Transcribe only the stretch of lines that opens with the line containing "The following details" and closes with the last line of the listing, skipping pictures.

▶ _Data section_:
————————
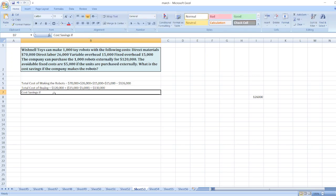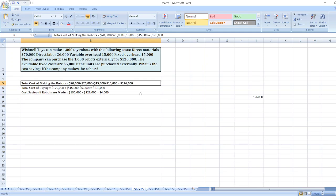So the cost savings if robots are made: total cost of buying $130,000 minus total cost of making $126,000 equals $4,000. So the cost saving is $4,000.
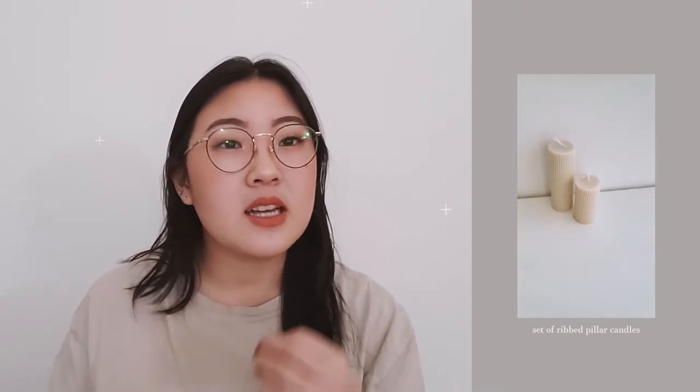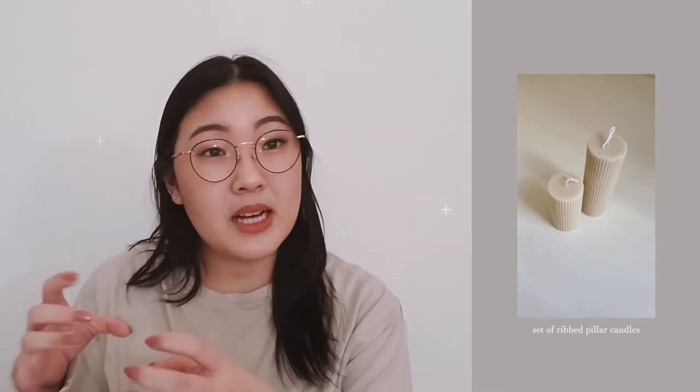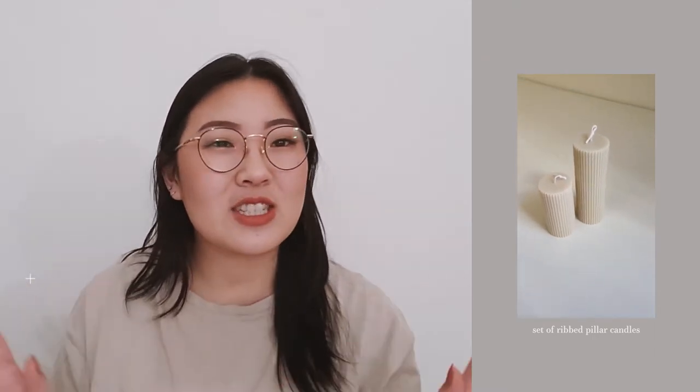My first pick are these candles. I'm kind of biased because I actually made them, but these are ribbed pillar candles. I've been loving pillar candles — they just look so nice on a shelf or on a table. These are just the most beautiful color. I love the beige tone; I feel like it's really hard to find a nice milk tea color that has this latte feel. The ribbed sides are so pretty, and the two of them as a set are gorgeous. The scent is actually really nice too.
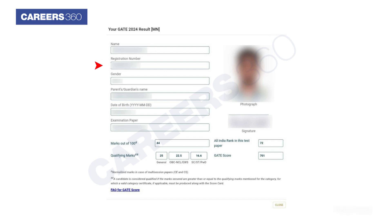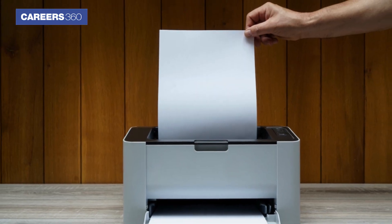The following details will be displayed on the exam result. Students can check their total marks, cutoff, qualify marks, and all India ranks in the GATE result. Finally, take the print of the exam result.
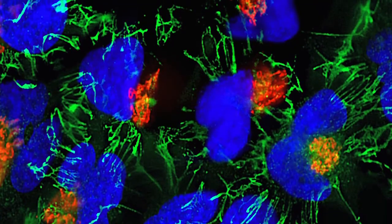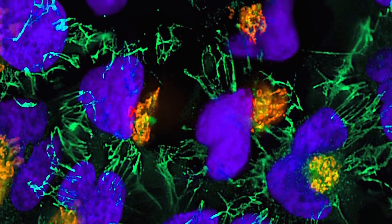Here at NIH, it's exciting to see that rare diseases get attention. We hopefully will have a much better understanding of the genetic pathways that lead to disease.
————————
▶ _Task answer_:
The following details will be displayed on the exam result. Students can check their total marks, cutoff, qualify marks, and all India ranks in the GATE result. Finally, take the print of the exam result.
Here at NIH, it's exciting to see that rare diseases get attention. We hopefully will have a much better understanding of the genetic pathways that lead to disease.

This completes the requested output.